I bought this grey dress off of eBay just before I left for Taiwan two years ago. At the time, I assumed (correctly) that it would be difficult to buy 1940s to 1960s era vintage clothing in Taipei. I've heard and read that Taiwanese people are less fond of secondhand goods than Americans partly because Taiwan is still in some ways an emerging economy, and used things continue to carry the stigma of poverty (not to mention there are simply less old things floating around, because Taiwan wasn't a consumerist culture, like the US became by the 1950s).

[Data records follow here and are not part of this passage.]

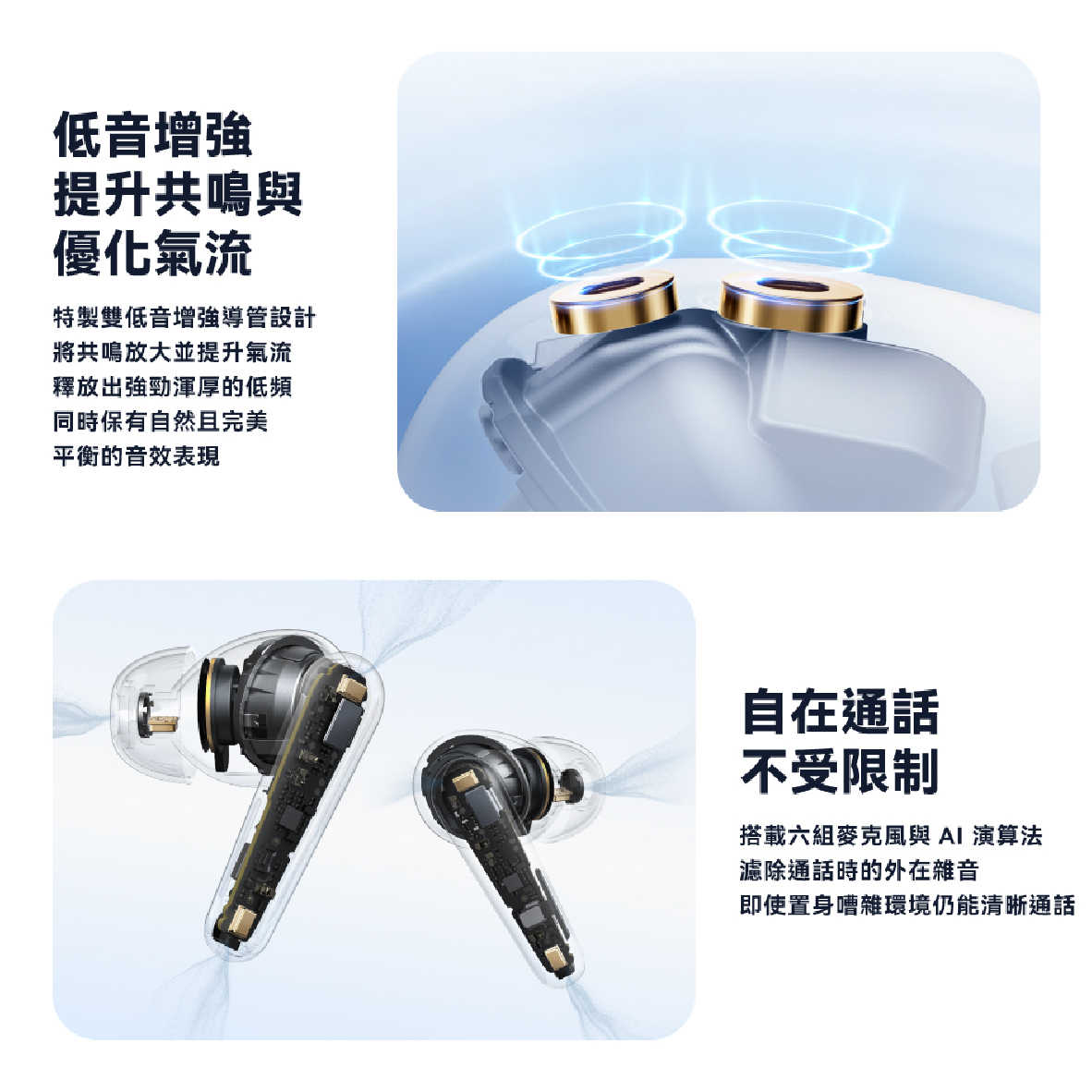 Anker Soundcore Liberty 5 柔霧粉 無線充電 杜比音訊 降噪 真無線 藍牙耳機 | 金曲音響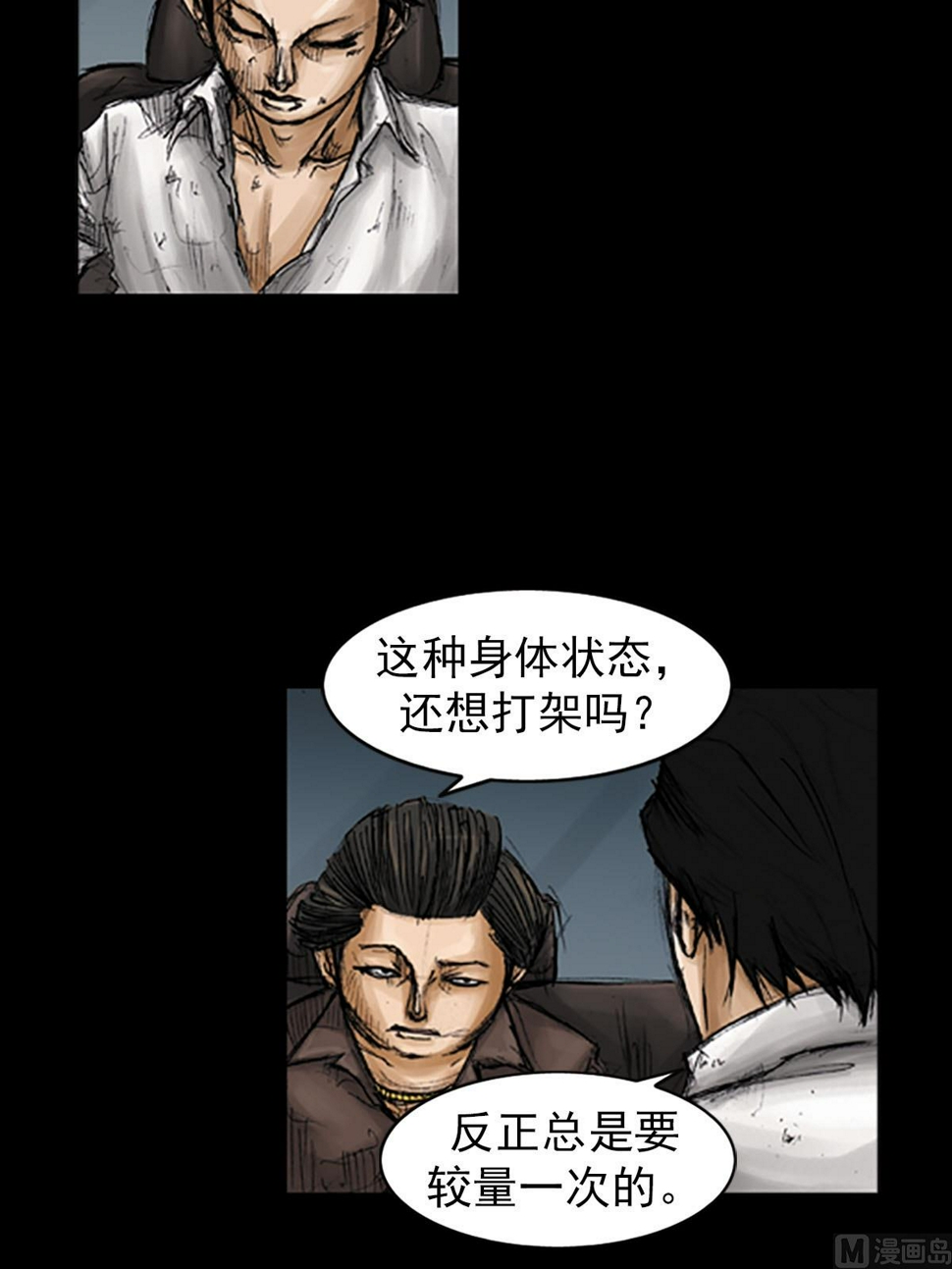胜券在握歌曲漫画,第95话上1图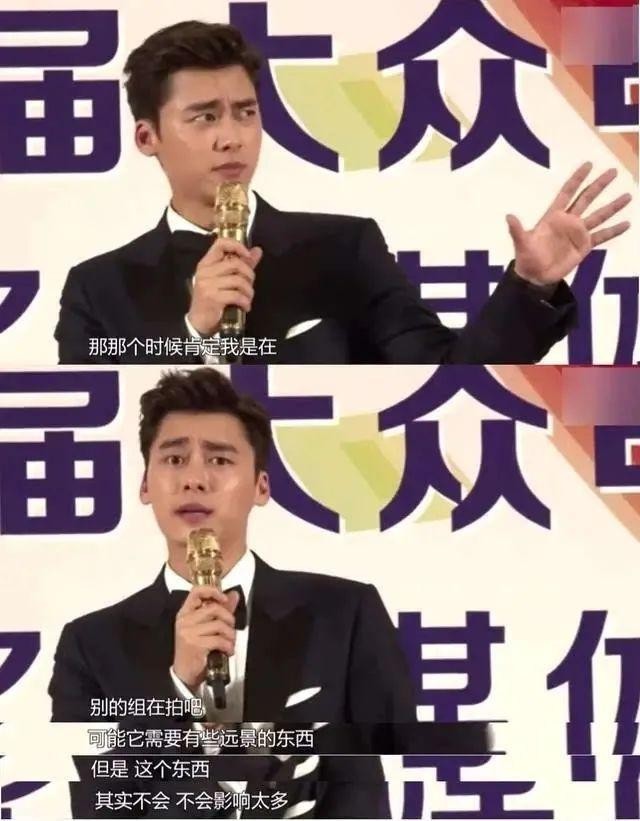 刚出名就耍大牌？顶撞狡辩、抠图轧戏、带头网暴，这些明星可真行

I've also been told that Taiwanese people don't like wearing secondhand clothing because they are superstitious, but I think the real reason is less exciting and much more pragmatic than that -- it's hella hot here! The humidity wrecks vintage cotton, not to mention the constant washing needed to keep clothing clean in this climate. There are a few vintage clothing stores in Taipei (download my article about one store here), but I've noticed that most of them sell sturdier things, like polyester dresses from the 1970s, or newer vintage items, including jeans, leather goods and t-shirts from the 1980s and on. My own collection of vintage dresses, including this one, which I bought with so much enthusiasm (and so little budgeting caution) before I left for Taipei, spend most of their time safely stowed away in the closet.
In the photo above, I accessorized the dress with my double t-strap black Aldo shoes and a sturdy and cheerful red bag from the Cambridge Satchel Company (I also have a brown satchel from the same company). You probably noticed that the detail shots above are different in tone from the outfit picture. That's because they were taken on a separate day and I don't know Photoshop well enough to match the colors (if anyone can help, please leave a comment!). Last weekend, I wore the same dress with ivory peep-toe pumps (also from Aldo... they had a huge sale a while back) and big hair:
Can you find me? I'm pretty well camouflaged.
I think the shoes make the dress seem a little bit less schoolgirl-ish. I managed to achieve my big hair using a tip I read in Allure magazine -- I washed my hair at night, let it air dry a little bit, and then put some gel in it while it was still damp and wound it into a bun at the nape of my neck, which I let dry overnight. In the morning, I undid the bun, finger brushed the waves and set them in place with hairspray. It actually worked pretty well, considering that the bottom layer of my hair is so damaged it doesn't hold any style well (it's been permed, bleached, dyed purple and then dyed black again).
I think the first look is good for casual days and the second is more appropriate for times when I have to look professional. What do you think?